Everything that hits the press about Uber sounds like the devil is running the business. Yet in my city the quality of life is plainly improved by the existence of Uber. Drivers strangely aren’t beaten chattels as depicted in the press. I’ve come to suspect that the press just stuck Uber/Kalanick in the same camp they put Trump…i.e. the camp where the sky is constantly falling.

39 oc April 29, 2017 at 5:31 pm

2. Statement from OC, in the Derrida interview.

When you take music, the composers who were inventors in western, European
culture are maybe a half-dozen. As for technology, the inventors I have most
heard talk about it are Indians from Calcutta and Bombay. There are many Indian
and Chinese scientists. Their inventions are like inversions of the ideas of European
or American inventors, but the word “inventor” has taken on a sense of racial domination
that’s more important than invention—which is sad, because it’s the equivalent
of a sort of propaganda.

40 Jacques René Giguère April 29, 2017 at 6:38 pm

re Erdogan. “Power corrupt, absolute power corrupt absolutely”. No.
Corrupt seeks power. Absolutely corrupts seeks absolute power.
Stalin and he-who-must-not-be-named didn’t spend their childhood help grannies crossing streets

41 Moo cow April 29, 2017 at 7:27 pm

Trump? We can name him here.

42 Donald Pretari April 29, 2017 at 8:28 pm
Trump using executive orders at unprecedented pace

Alas, proven right, yet again…
174 Donald Pretari February 1, 2017 at 3:26 pm
#6…Trump is already addicted to Executives Orders. His plan is to govern by issuing executive orders about all facets of government and see what transpires. Soon, he will begin issuing Executive Orders to other countries.
185 Donald Pretari February 2, 2017 at 1:22 pm
I made a prediction that time will deal with based upon watching Trump.

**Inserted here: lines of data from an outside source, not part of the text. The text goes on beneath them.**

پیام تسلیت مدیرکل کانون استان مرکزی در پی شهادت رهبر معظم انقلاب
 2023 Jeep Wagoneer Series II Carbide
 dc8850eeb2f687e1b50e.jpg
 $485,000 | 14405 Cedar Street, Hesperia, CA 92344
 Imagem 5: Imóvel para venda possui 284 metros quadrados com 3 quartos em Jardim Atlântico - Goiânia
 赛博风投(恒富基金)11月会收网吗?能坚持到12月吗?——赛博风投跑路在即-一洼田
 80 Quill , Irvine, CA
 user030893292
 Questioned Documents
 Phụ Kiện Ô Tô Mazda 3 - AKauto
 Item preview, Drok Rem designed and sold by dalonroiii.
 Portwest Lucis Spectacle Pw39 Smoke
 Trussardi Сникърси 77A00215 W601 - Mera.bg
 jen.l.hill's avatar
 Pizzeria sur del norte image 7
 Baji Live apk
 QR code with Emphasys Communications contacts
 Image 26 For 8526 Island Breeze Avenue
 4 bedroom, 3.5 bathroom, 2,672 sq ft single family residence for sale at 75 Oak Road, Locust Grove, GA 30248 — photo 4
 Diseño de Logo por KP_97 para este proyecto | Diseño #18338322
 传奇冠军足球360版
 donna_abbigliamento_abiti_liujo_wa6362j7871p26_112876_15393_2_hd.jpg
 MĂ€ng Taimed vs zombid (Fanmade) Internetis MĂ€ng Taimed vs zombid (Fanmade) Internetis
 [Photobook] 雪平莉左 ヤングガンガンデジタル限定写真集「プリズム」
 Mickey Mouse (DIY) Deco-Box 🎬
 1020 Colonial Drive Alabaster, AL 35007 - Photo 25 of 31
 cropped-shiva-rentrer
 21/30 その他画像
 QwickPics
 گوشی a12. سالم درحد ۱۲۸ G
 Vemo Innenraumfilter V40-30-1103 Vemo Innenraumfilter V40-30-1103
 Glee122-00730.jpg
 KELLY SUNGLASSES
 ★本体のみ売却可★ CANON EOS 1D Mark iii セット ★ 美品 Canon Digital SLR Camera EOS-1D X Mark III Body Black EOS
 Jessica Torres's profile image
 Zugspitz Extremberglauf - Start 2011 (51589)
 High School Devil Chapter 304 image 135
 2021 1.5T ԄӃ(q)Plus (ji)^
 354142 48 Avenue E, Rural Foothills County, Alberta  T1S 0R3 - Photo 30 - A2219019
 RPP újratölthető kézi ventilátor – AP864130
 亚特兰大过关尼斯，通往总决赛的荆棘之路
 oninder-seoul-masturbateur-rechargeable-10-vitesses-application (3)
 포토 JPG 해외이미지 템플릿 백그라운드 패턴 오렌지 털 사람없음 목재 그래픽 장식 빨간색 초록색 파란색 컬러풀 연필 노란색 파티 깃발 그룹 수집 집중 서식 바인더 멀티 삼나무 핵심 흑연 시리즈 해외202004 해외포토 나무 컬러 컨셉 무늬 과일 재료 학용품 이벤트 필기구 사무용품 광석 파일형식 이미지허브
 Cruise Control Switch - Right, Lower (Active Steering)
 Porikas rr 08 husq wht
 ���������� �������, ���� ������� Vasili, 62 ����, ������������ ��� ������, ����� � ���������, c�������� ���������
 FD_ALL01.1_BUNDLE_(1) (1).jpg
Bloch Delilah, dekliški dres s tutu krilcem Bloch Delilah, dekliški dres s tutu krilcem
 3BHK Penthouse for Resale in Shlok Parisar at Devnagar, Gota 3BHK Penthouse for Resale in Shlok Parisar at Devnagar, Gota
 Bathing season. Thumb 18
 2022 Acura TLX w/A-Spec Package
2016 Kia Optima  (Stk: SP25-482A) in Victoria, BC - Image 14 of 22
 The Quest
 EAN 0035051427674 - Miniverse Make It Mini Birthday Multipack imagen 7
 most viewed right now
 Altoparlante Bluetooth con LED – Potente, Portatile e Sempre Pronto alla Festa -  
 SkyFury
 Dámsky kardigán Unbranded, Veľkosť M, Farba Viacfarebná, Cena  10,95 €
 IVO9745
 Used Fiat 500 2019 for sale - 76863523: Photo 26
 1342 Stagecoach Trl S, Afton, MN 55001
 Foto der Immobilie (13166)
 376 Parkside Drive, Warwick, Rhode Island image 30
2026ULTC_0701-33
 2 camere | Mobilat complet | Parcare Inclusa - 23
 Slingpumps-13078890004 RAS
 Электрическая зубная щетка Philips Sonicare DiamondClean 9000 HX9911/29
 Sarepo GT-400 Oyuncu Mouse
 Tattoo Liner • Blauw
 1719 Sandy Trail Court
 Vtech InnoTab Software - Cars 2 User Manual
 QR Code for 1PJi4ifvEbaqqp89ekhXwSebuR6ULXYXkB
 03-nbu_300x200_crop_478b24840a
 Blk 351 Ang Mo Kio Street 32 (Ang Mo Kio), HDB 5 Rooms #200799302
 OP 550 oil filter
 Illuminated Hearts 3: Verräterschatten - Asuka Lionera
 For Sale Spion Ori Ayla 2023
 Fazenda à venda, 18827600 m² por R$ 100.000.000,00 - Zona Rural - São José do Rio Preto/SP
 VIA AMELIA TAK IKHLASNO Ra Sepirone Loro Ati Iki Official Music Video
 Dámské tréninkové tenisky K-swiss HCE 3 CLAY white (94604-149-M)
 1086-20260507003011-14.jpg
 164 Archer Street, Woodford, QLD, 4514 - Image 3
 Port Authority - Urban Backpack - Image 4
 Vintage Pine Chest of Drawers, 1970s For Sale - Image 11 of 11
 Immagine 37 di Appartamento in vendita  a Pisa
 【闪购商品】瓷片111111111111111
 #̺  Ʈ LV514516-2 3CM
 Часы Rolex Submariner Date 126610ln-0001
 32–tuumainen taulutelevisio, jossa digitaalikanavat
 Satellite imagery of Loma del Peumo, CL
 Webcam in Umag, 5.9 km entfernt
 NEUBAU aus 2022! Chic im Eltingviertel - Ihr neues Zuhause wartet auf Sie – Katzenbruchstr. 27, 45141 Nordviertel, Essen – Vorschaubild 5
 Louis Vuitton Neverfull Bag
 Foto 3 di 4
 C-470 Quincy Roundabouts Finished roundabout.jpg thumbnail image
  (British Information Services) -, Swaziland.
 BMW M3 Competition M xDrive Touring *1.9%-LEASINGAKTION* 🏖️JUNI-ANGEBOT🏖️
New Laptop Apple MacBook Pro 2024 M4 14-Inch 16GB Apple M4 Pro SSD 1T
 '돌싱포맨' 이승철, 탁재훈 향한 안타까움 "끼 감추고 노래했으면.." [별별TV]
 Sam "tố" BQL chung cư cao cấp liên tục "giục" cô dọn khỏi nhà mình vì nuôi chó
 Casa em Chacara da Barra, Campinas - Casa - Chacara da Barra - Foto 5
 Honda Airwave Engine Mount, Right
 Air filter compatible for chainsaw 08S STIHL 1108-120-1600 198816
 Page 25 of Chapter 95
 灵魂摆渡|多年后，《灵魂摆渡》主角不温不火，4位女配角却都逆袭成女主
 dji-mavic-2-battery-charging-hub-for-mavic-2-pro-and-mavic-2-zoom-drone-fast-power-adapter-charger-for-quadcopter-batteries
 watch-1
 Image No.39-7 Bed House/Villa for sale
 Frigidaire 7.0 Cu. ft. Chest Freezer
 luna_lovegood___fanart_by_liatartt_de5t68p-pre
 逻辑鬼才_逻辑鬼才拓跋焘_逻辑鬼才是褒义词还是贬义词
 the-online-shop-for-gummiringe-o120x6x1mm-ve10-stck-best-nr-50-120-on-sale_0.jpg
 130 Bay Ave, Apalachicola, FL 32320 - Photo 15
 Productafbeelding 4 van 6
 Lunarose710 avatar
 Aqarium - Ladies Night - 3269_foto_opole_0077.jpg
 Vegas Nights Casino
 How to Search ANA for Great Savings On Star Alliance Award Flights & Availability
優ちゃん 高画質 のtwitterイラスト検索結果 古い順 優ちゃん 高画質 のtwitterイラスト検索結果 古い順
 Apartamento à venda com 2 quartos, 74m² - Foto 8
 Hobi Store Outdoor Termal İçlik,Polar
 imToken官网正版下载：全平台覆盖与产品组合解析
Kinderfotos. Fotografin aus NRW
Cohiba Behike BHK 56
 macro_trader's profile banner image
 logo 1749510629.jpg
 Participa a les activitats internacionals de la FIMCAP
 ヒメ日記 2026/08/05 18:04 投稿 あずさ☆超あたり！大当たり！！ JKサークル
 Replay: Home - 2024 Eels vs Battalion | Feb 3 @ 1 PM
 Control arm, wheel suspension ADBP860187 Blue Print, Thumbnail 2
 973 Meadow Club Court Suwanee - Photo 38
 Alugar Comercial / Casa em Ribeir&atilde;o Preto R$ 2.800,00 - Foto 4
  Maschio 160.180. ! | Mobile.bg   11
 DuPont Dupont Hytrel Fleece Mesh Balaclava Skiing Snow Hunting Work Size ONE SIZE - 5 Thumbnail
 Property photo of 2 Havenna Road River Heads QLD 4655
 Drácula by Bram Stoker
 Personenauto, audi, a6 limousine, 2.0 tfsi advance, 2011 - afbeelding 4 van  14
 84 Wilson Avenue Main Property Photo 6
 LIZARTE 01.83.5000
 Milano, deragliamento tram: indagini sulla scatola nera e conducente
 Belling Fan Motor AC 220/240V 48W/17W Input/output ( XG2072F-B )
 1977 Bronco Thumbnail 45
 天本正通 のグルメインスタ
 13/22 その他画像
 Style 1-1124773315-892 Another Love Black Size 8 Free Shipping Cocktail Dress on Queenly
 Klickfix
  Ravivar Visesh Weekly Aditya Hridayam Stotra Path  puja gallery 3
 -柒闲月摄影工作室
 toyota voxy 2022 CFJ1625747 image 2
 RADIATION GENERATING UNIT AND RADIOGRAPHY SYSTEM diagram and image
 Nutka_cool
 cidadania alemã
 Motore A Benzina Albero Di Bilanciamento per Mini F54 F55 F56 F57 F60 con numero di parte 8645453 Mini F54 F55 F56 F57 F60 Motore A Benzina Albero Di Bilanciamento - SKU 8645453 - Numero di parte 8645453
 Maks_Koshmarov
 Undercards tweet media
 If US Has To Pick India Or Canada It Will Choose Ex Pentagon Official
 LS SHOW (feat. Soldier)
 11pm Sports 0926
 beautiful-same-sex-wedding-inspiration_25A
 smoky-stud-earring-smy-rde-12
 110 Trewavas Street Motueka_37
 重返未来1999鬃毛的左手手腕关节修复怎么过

43 mikeInThe716 April 29, 2017 at 8:43 pm

RE: 1) Zuck should visit a Honda / Toyota transplant. Then he could post about how they manage with <half the job categories AND get higher productivity (compared to the Ford/UAW plant).

And he'd then quickly lose a few thousand "friends"…

44 Thanatos Savehn April 29, 2017 at 9:37 pm

#1 Having represented Ford I can say that the River Rouge facility is one of, though not the, most impressive examples of America’s industrial might you’ll ever see. Obama might think that he built it by way of having his ring kissed and thereafter, like the Sun King he imagines himself to be, decreeing that it should therefore “become”, but it was built by men like you and me. If you ever have a chance to see it, go.

45 Troll Me April 29, 2017 at 10:13 pm

Has anyone there figured out that if they want to sell to the Japanese market, they will have to make vehicles that are consistent with regulations upheld by Japanese voters?

Last I heard, folks in the US auto industry cry of mistreatment, but refuse to make models that meet the demands of the different foreign markets. Some sorts of diversions about the unfair expensive costs of replacement parts to meet local code, instead of making a model that can actual meet standards in one of the largest and wealthiest markets in the world.

46 Jon April 30, 2017 at 11:27 pm

#6 is behind a paywall, so it is really useless for public discussion.